DATA TO EXAMINE =
++++++++++
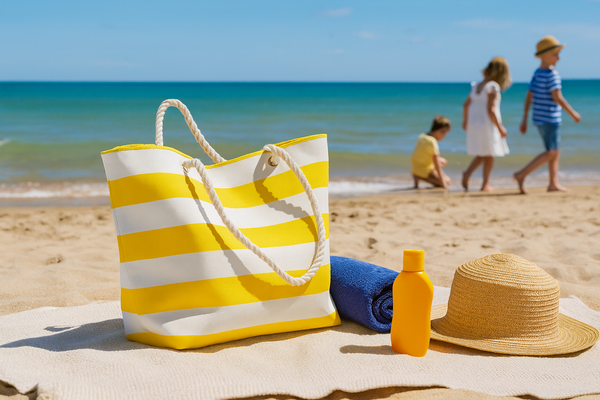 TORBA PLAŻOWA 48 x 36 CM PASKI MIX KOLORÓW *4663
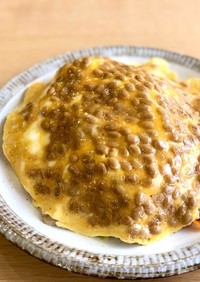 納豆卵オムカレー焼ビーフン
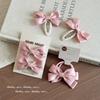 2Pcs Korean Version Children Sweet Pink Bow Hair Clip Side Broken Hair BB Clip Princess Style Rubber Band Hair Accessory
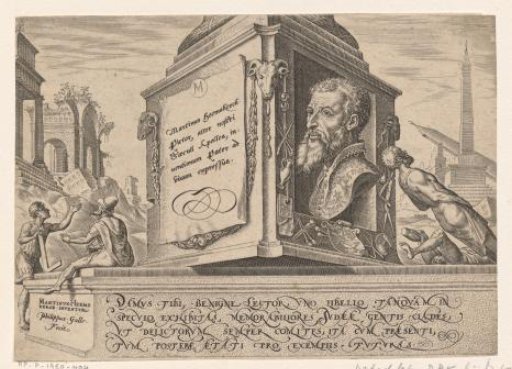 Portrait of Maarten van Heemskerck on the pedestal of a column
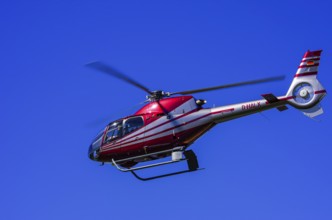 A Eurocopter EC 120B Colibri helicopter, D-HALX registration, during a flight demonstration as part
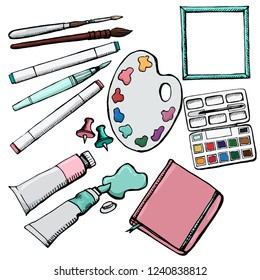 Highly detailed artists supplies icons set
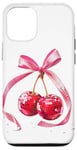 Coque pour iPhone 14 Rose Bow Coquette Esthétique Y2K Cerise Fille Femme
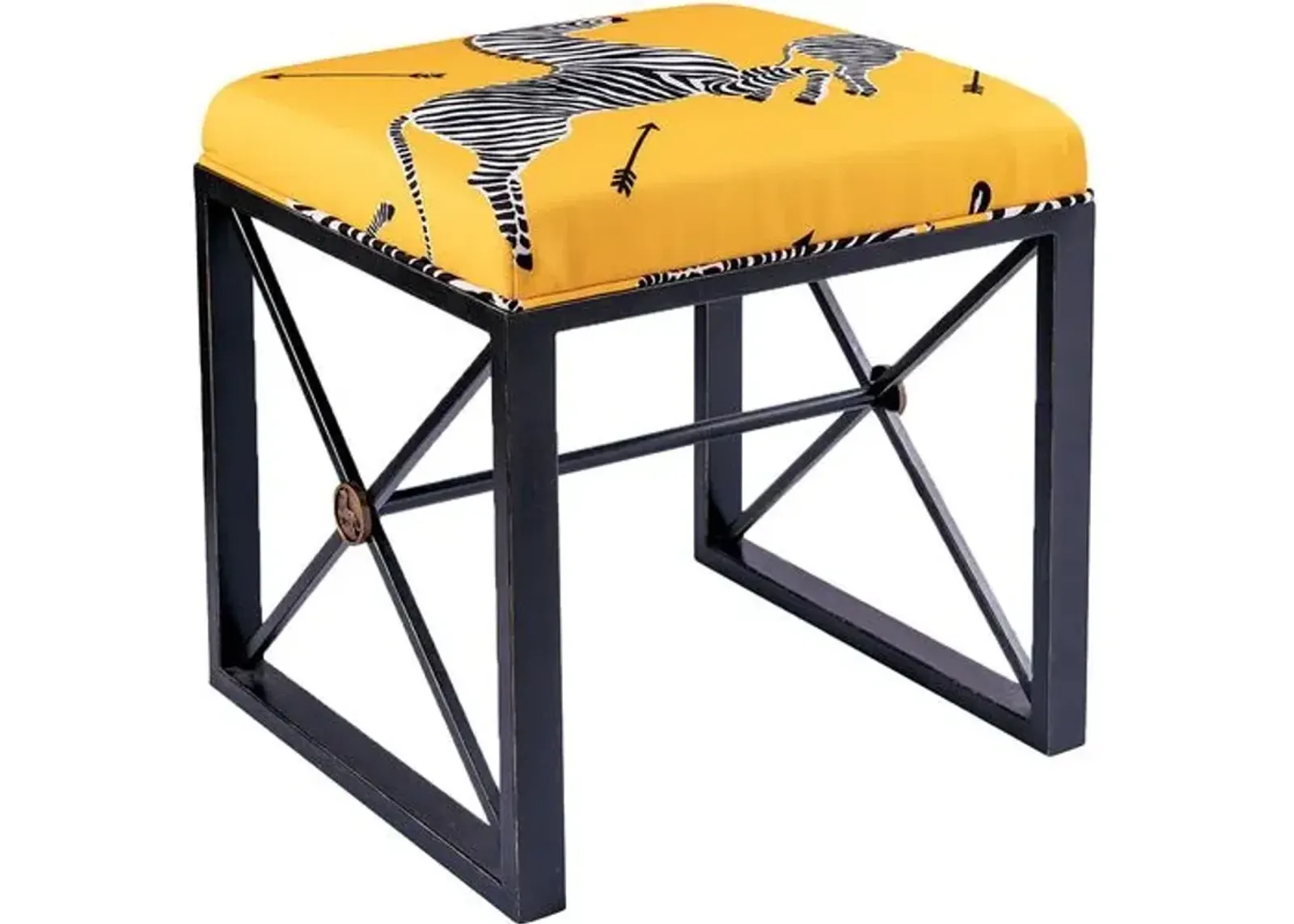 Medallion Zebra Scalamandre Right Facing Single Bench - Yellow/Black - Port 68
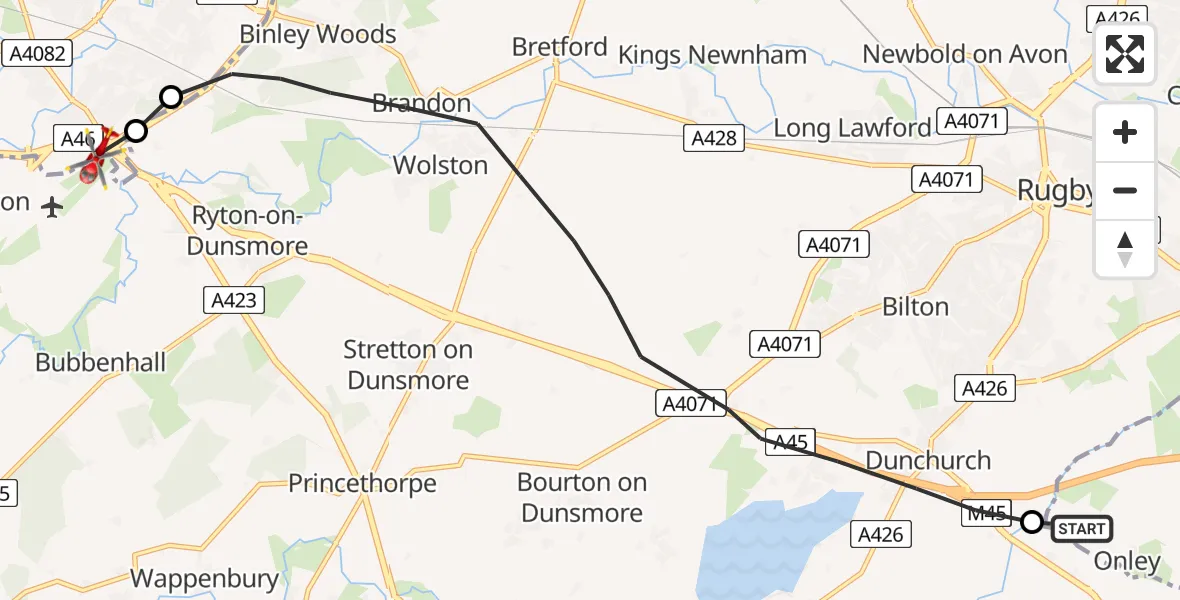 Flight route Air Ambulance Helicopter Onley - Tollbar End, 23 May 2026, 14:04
++++++++++
EXERCISE BRIEF =
All entries above must be repeated exactly; pictures are to be left out.

RESULT BELOW =
 TORBA PLAŻOWA 48 x 36 CM PASKI MIX KOLORÓW *4663
 納豆卵オムカレー焼ビーフン
 2Pcs Korean Version Children Sweet Pink Bow Hair Clip Side Broken Hair BB Clip Princess Style Rubber Band Hair Accessory
 Portrait of Maarten van Heemskerck on the pedestal of a column
 A Eurocopter EC 120B Colibri helicopter, D-HALX registration, during a flight demonstration as part
 Highly detailed artists supplies icons set
 Coque pour iPhone 14 Rose Bow Coquette Esthétique Y2K Cerise Fille Femme
 Medallion Zebra Scalamandre Right Facing Single Bench - Yellow/Black - Port 68
 Flight route Air Ambulance Helicopter Onley - Tollbar End, 23 May 2026, 14:04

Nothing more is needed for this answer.